___ Material provided
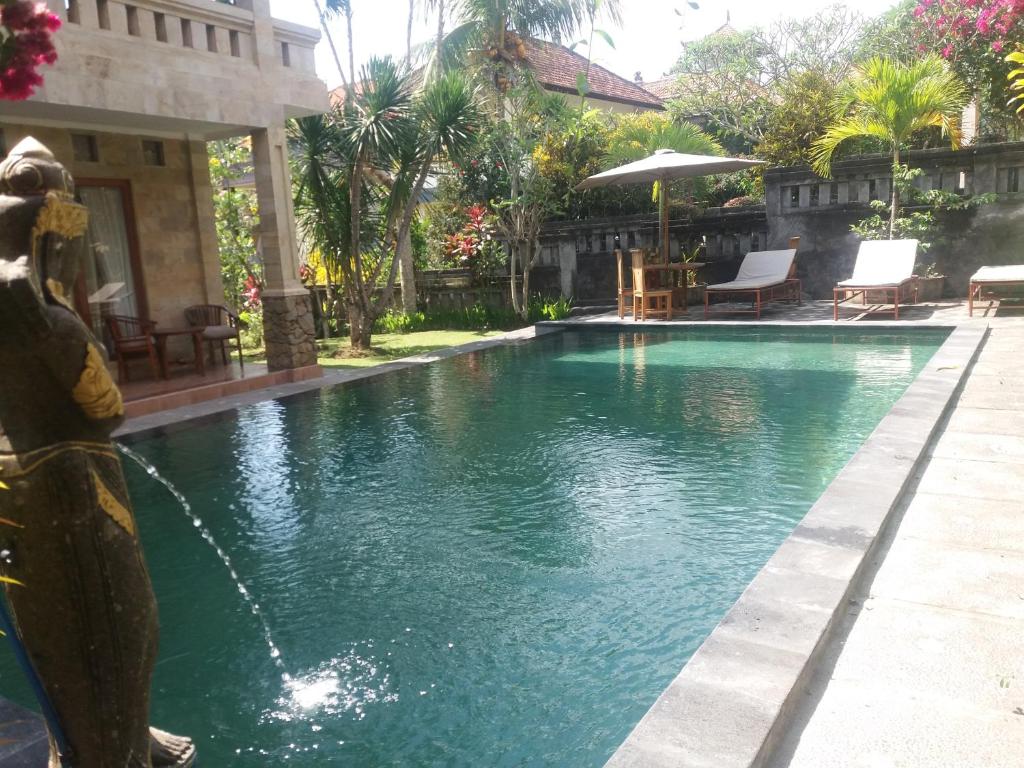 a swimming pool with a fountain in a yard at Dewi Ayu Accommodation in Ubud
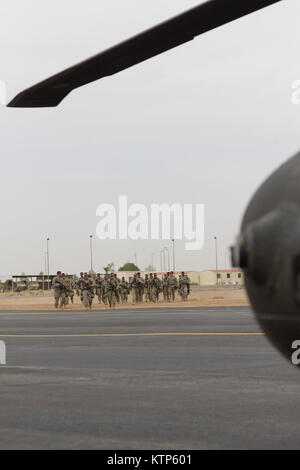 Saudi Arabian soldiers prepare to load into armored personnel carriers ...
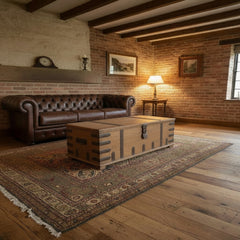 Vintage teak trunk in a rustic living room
______
About this task -
Omitting the pictures, write out the material above exactly as it stands.

Final answer -
 a swimming pool with a fountain in a yard at Dewi Ayu Accommodation in Ubud
 Saudi Arabian soldiers prepare to load into armored personnel carriers ...
 Vintage teak trunk in a rustic living room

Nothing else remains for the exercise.